Protect and improve your mental health by correcting several common mistakes.

wavebreakmedia/Shutterstock
Source: wavebreakmedia/Shutterstock

I have worked with clients in therapy for 25 years. Each person you meet in therapy is, of course, a world unto his or her own. Yet over time, certain patterns emerge, common hazards and blind spots in myriad paths taken. What follows is a list of common mental health "blunders" that, in my experience, often work to undermine one's psychological well-being.

1. Mistaking thoughts for facts.

“If you dream of a muffin,” goes the saying, “you have a dream, not a muffin.” Yet we often forget this, and we confuse what we think with what is actually "there." Thoughts are mental events, not world events. Our thoughts about the world often contain scenarios absent from—or even impossible in—the world itself. Thus, while we may appreciate, or at times dread, the seductive lure of our thoughts, we should still maintain a posture of skepticism about them, seek evidence of their veracity and usefulness, and only heed the ones for which such evidence exists.

2. Equating strong emotion with deep truth.

“Flowers are restful to look at,” said Freud. “They have neither emotions nor conflicts.” We, alas, have both. People are often unclear about the function of emotion. Once you remove the fluff—the Hollywood-style rainbows and butterflies—emotions are merely one of many sources of data that help us manage our movement in the world. Emotions are neither our only source of data, nor inherently the best one. Emotions are a part of our overall experience, not the sum of it.

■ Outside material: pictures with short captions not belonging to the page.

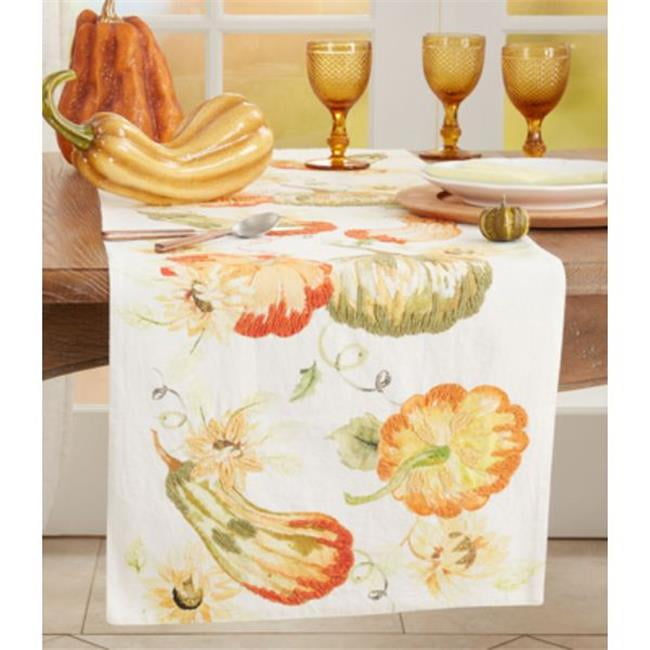 Fall Cotton Table Runner with Pumpkin Design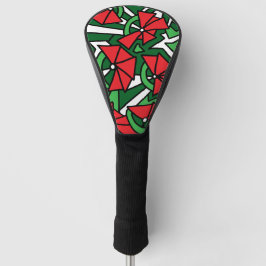 Rode bloemen Doodle Art Golfheadcover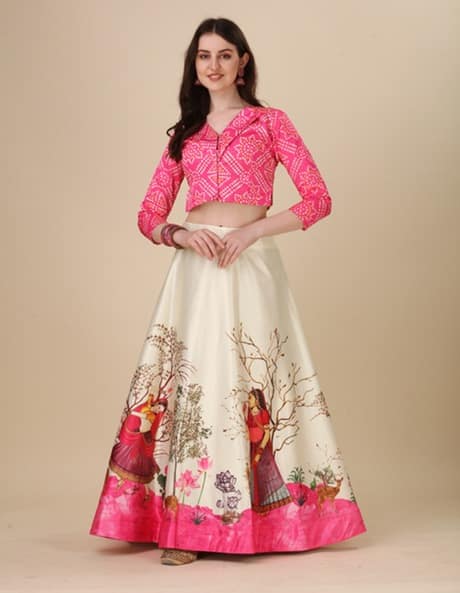 Satin Silk Flared Pichwai Bandhani Print Crop Top Lehenga Choli Set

As data, emotions are often mishandled in one of two ways. Either we dismiss, deny, and ignore them, or we sanctify and follow them blindly. Ignoring or denying emotions may deprive us of important information. It also disowns an authentic part of our experience. On the other hand, sanctifying and blindly obeying emotion means privileging this one data source over others—such as our values, goals, logic, or scientific evidence—that are often more reliable, comprehensive, and relevant in trying to solve the problems of living. Sound mental health requires that we accept our emotions, yet listen to input from other sources of information before deciding how to act.

3. Viewing discomfort as a sign of trouble.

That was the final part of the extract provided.